VanGrunsven at the controls.
The RV-12 is the newest design in Van's line of kit planes
marketed to the experimental crowd. It's intended to meet FAA
requirements for Light Sport Aircraft (LSA).
All of the Van's designs have earned a reputation among builders
and pilots alike for their simplicity, ruggedness and efficiency,
and because they're just plane (sp) fun.
The company added some new design features to the RV-12
prototype such as removable wings, full-span flaperons and a
fully-moving stabilator.
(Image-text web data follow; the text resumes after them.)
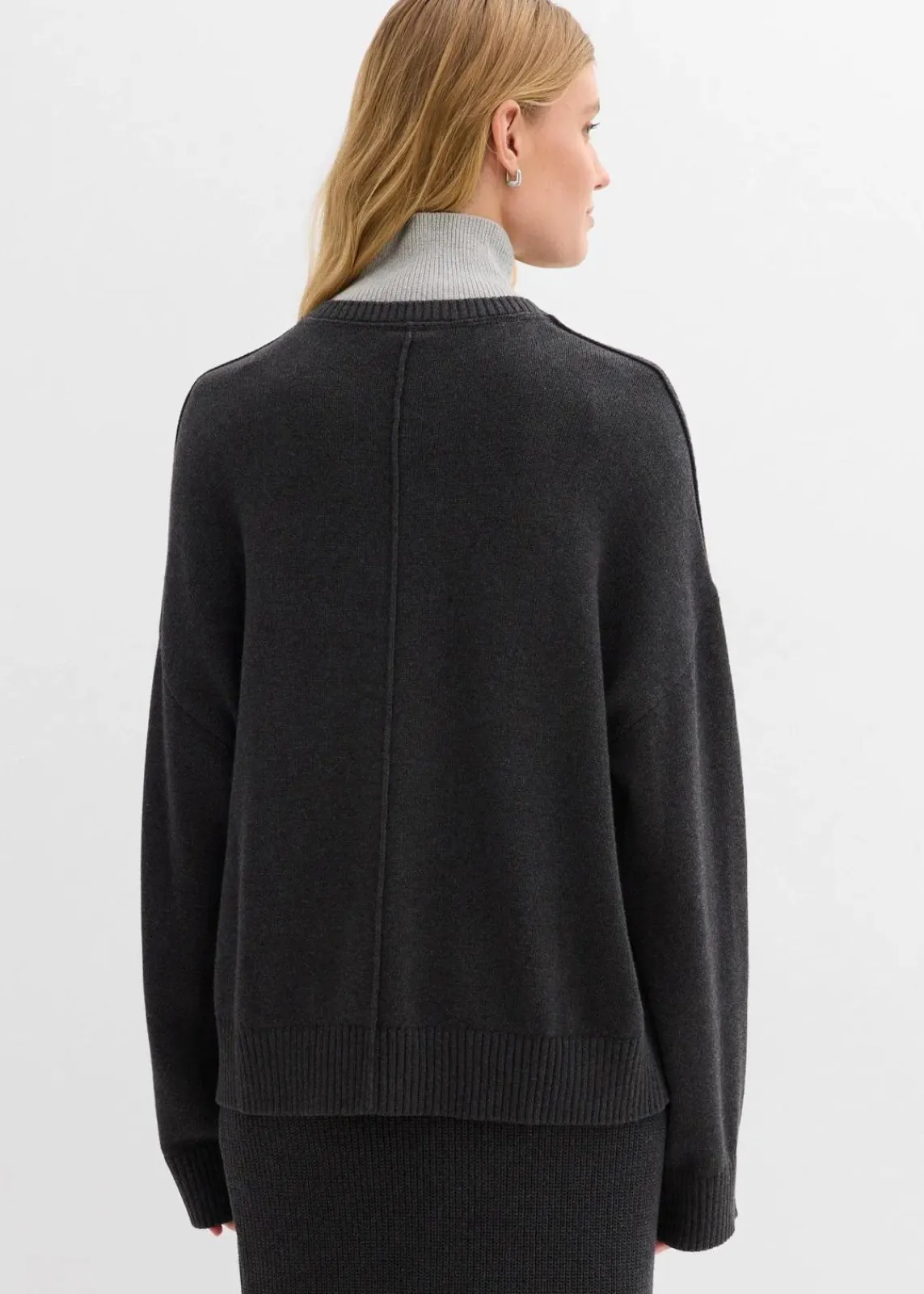 bonprix Bekleidung·Umstandsmode|Bekleidung·Jeans^Pullover aus reiner Baumwolle anthrazit meliert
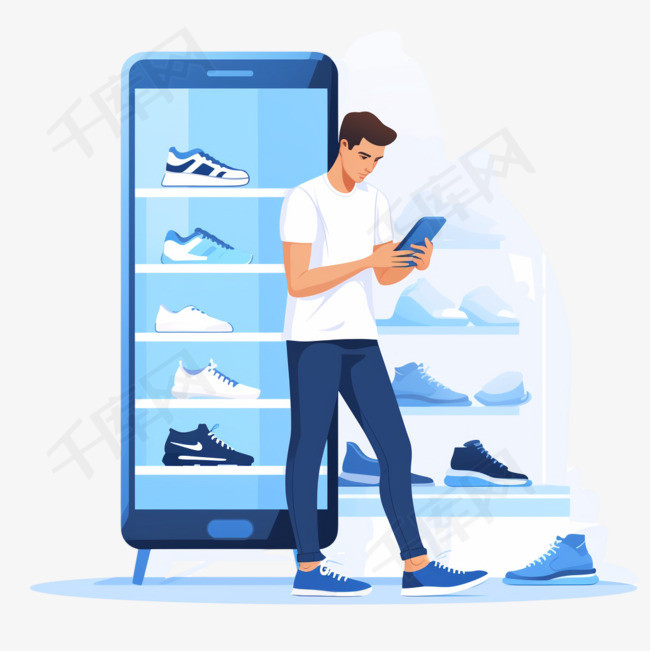 男人用手机在网上买鞋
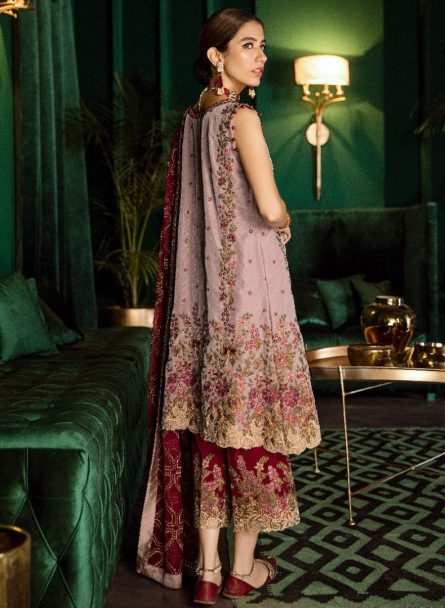 Iznik Luxury Velvet Unstitched 3 Pcs Collection 2020 - Winter Collection ILV-12 Umber Currant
All or none of these might make it to the
production kit depending on how each performs during flight
Van's advertised performance goals for the RV-12 include:
- Flying qualities equal to or better than the RV-9A
- A 550 lb payload
- 750 lb empty weight
Design goals to help builders include:
- A low parts count, to reduce kit costs and assembly time
- Systems installation at the lowest possible level of structural
- Minimal use of composites
- Maximum use of simple hand tools
Tentative data on the company's website lists the RV-12 as
having a wing span just over 26 feet, total lenth of just
under 20 feet, 20-gallons of fuel capacity, a Rotax 912S 100
hp engine and a ground-adjustable Sensenich propeller.
Van took off and flew the RV-12 over the Aurora, OR
airport Thursday morning sampling its takeoff, landing and
slow flight characteristics. A short blurb on the company website
wouldn't go into details about how the prototype flew, but it did
say Van was grinning when he popped the canopy after landing!